Os benefícios fiscais, destinados a conter os efeitos da crise financeira mundial sobre a economia brasileira, deveriam vigorar só até o fim deste mês. Confirmada pelos ministros da Fazenda, Guido Mantega, e do Desenvolvimento, Miguel Jorge, a extensão de sua validade por mais seis meses se destina, segundo o governo, a ajudar um setor que demorou para se recuperar.

 

A justificativa não é inteiramente procedente, pelo menos no caso dos tratores e caminhões. A produção acumulada desses itens nos cinco primeiros meses de 2010 é bem maior do que a de igual período do ano passado. No caso das máquinas agrícolas e automotrizes, por exemplo, o aumento é de 53,8%, uma variação expressiva, mesmo levando em conta o fato de que a produção dos primeiros cinco meses de 2009 foi fortemente afetada pela crise. É uma indicação clara de recuperação.

 

Também no caso dos caminhões a alta das vendas é notável. As vendas de caminhões semileves, leves, médios, semipesados e pesados no período janeiro-maio de 2010 foram 57,3% maiores do que as dos primeiros cinco meses de 2009. No caso dos veículos comerciais leves, a alta foi de 24,8%, de acordo com o mais recente relatório mensal de produção e vendas divulgado pela Associação Nacional dos Fabricantes de Veículos Automotores (Anfavea).

 

A alíquota regular do IPI sobre tratores e caminhões é de 5%; para os veículos comerciais leves é de 8%. O custo da extensão da isenção ou da redução do tributo até o fim do ano é estimado em R$ 775 milhões.

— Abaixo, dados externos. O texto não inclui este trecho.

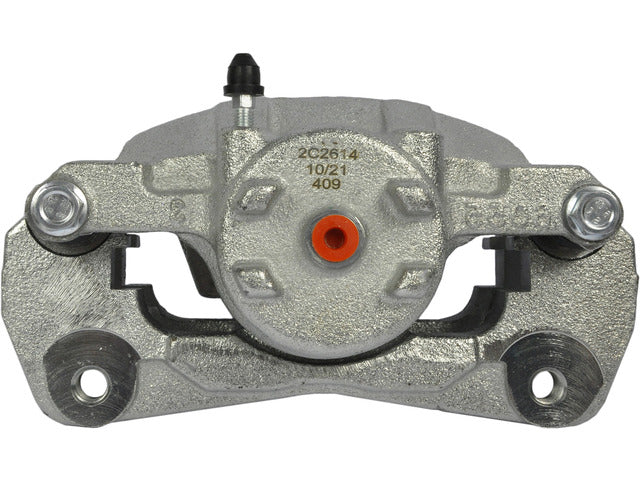 Raybestos Brakes Disc Brake Caliper P/N:FRC11373N Fits: Chrysler Sebring 05-01, Dodge Stratus 05-01, Mitsubishi Eclipse 05-01, Mitsubishi Galant 12-02 - Image 3
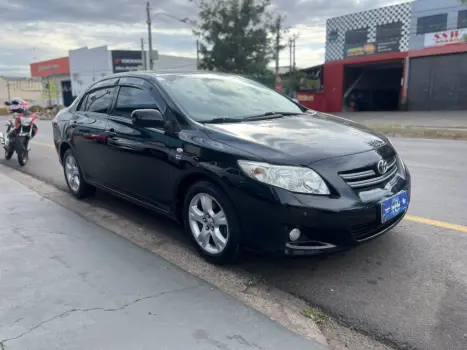 TOYOTA Corolla 1.8 16V 4P GLI AUTOMTICO, Foto 8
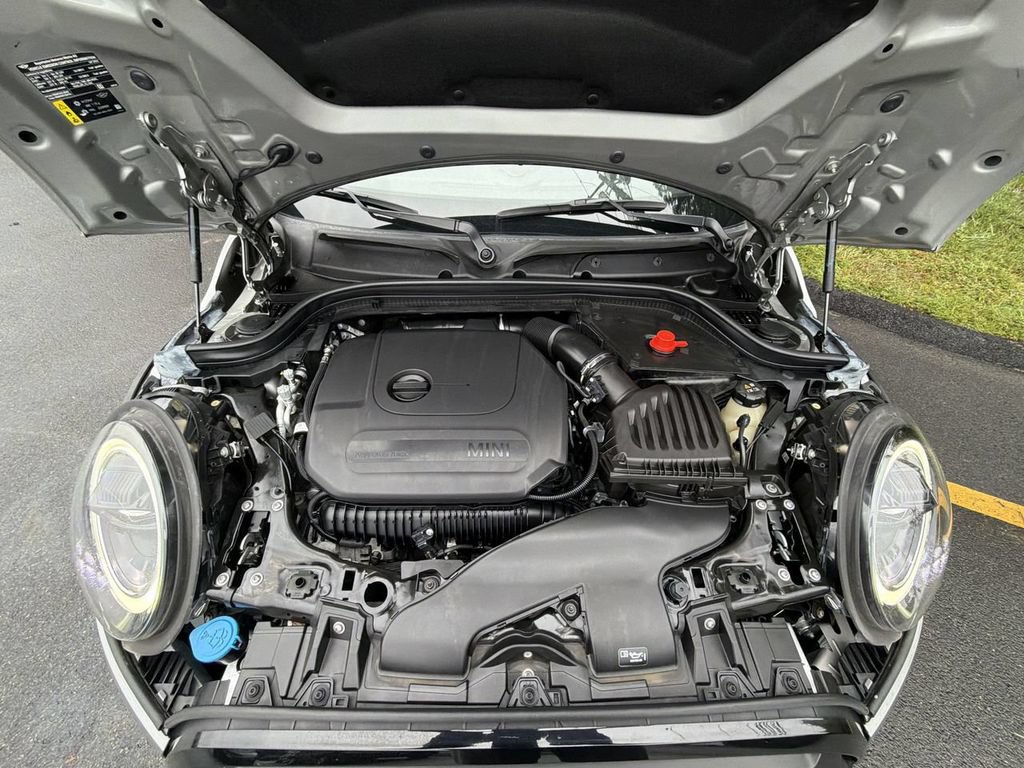 Used 2024 MINI Cooper S FWD image 14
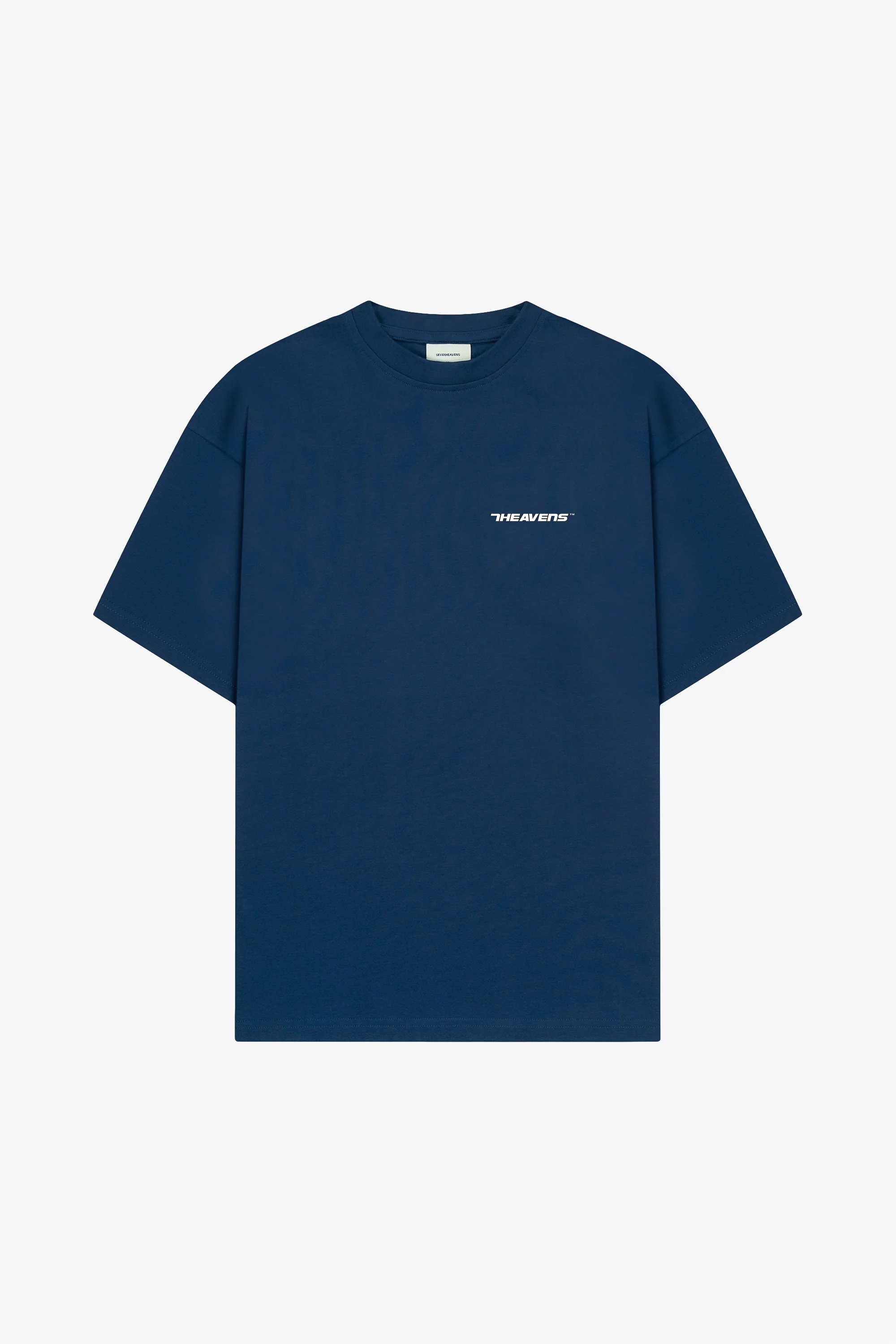 7H Backprint T-Shirt - Image 2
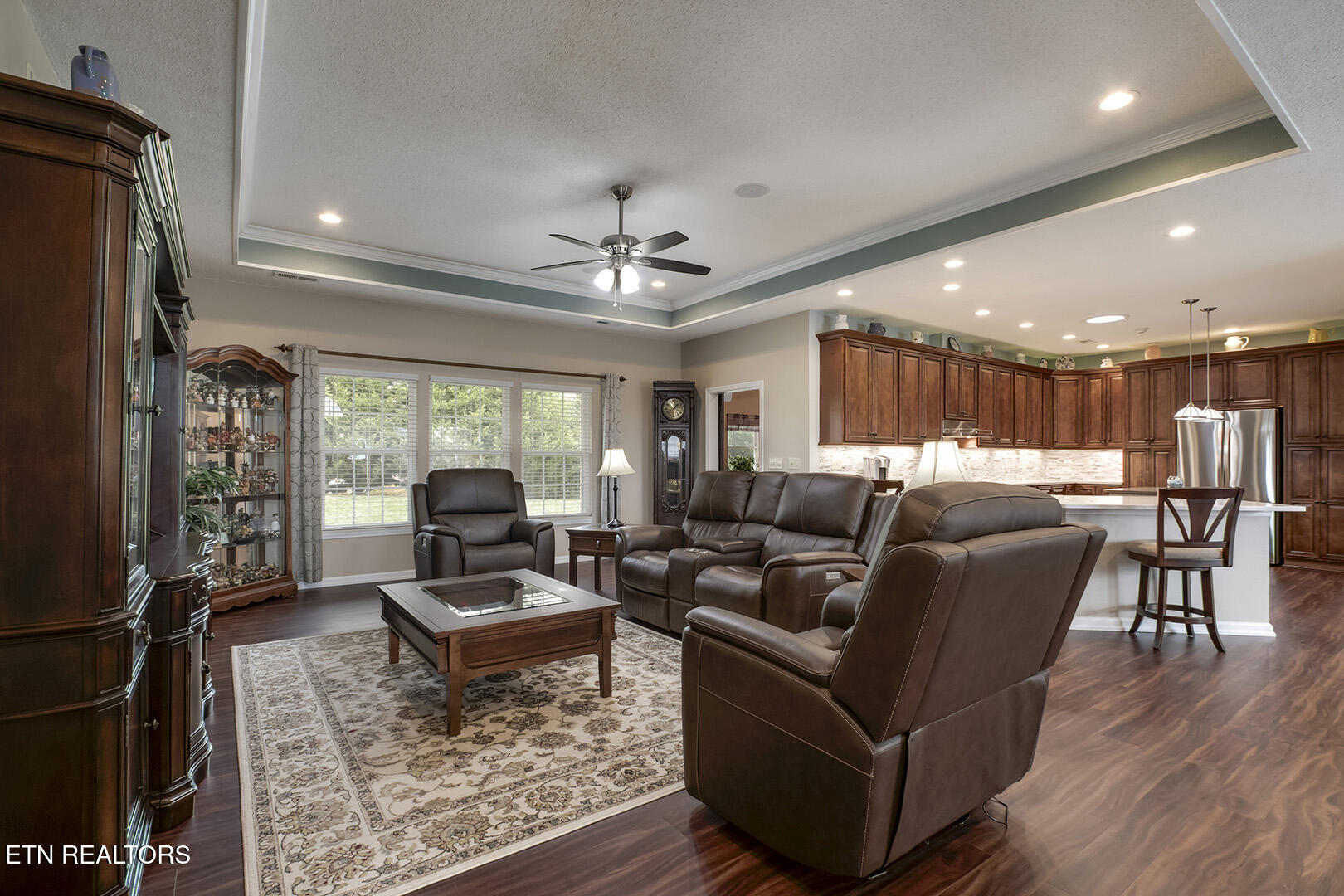 Loudon, Tennessee 37774, United States, 3 Bedrooms Bedrooms, ,3 BathroomsBathrooms,Residential,Active,84736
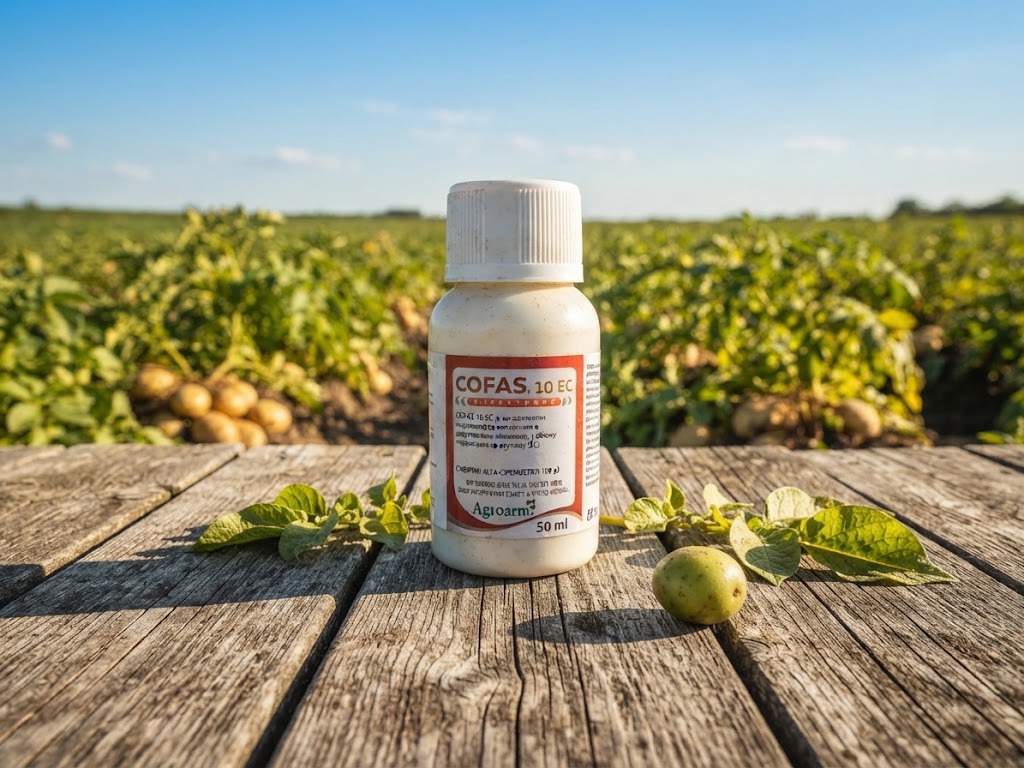 Cofas 10 EC 50ml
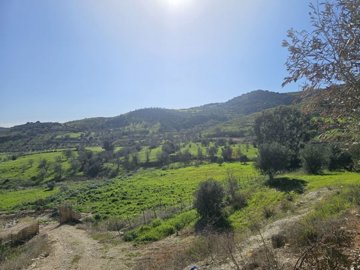 Residential Land For Sale  in  Episkopi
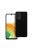 Forcell Soft szilikon hátlap tok Samsung Galaxy A33 5G, fekete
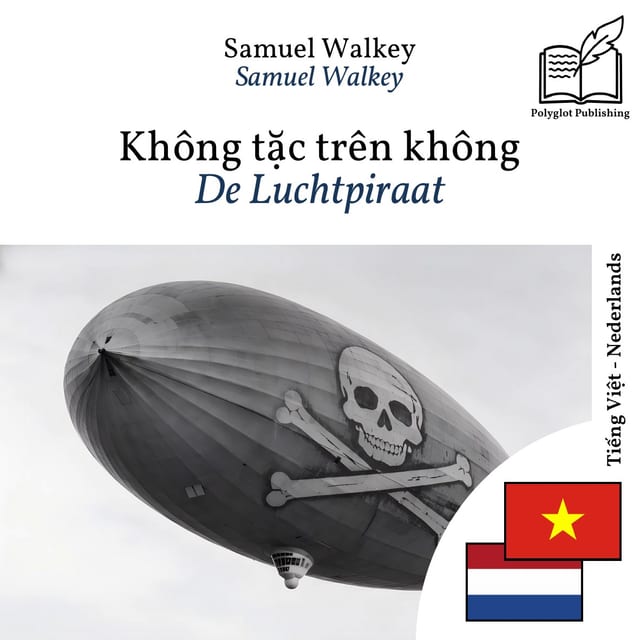 De Luchtpiraat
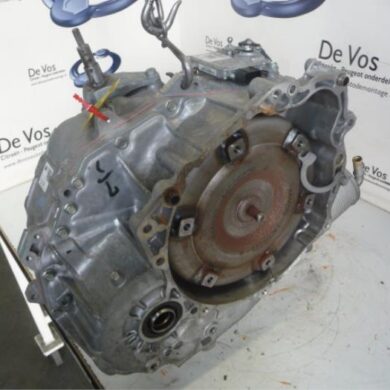 Peugeot 3008  Automaatbak RHHRH02 2014 9676757880-1611524580 20GY12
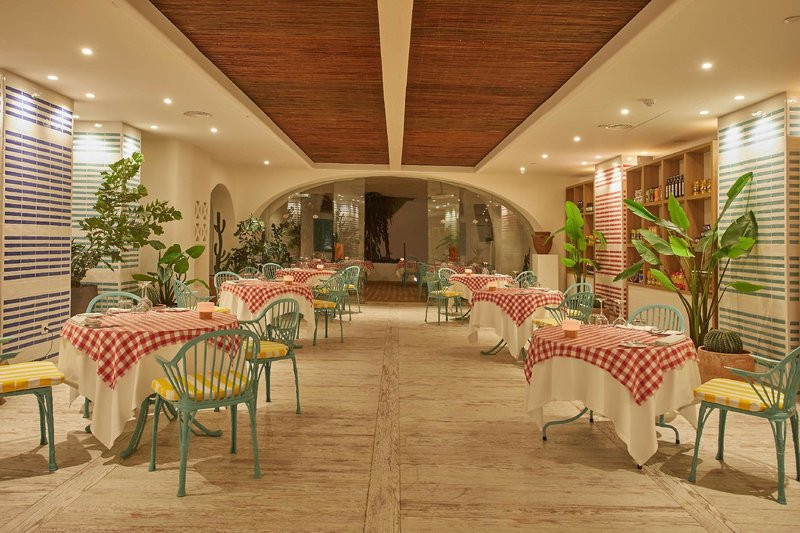 Dreams JardÃ­n Tropical Resort & Spa ●●●●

Esse é o montante que deixará de ser arrecadado pelo governo de julho a dezembro em razão da bondade anunciada, mas, segundo o ministro Guido Mantega, não haverá necessidade de cortes adicionais no Orçamento, pois "os benefícios já estavam em vigor".

 

O ministro não acredita que a extensão das medidas tenha algum impacto sobre a inflação, pois, segundo alega, os benefícios tributários evitariam uma eventual pressão sobre os preços de bens de capital, tratores e caminhões.

 

Ainda que se aceite a argumentação do ministro da Fazenda, o que se deve indagar é se a medida, aparentemente desnecessária - pois são claros os sinais de aumento da produção e das vendas dos produtos beneficiados -, não é também inoportuna, pois está sendo anunciada justamente no momento em que, por causa do intenso ritmo de atividade da economia, o Banco Central (BC) alerta para o risco de aceleração da inflação nos próximos meses.

 

Na avaliação do BC, a demanda interna está "robusta" por causa dos fatores que a têm estimulado nos últimos meses, como o aumento da renda da população, a expansão do crédito e os "estímulos fiscais e creditícios". Tudo isso, segundo o BC, deve contribuir para consolidar o processo de crescimento da produção e para a redução da capacidade ociosa do setor produtivo. Em resumo, com novos benefícios tributários, o próprio governo ajuda a aumentar as pressões sobre os preços e força novas altas nos juros básicos.

 

Melhor seria que, em lugar de conceder benefícios para indústrias ou setores da economia que escolhe de acordo com critérios nem sempre claros, o governo tratasse de melhorar o sistema de impostos, desonerando os investimentos, que estão na base do crescimento da economia. Isso exigiria, como contrapartida, a adequação de seus gastos a um novo nível de arrecadação tributária.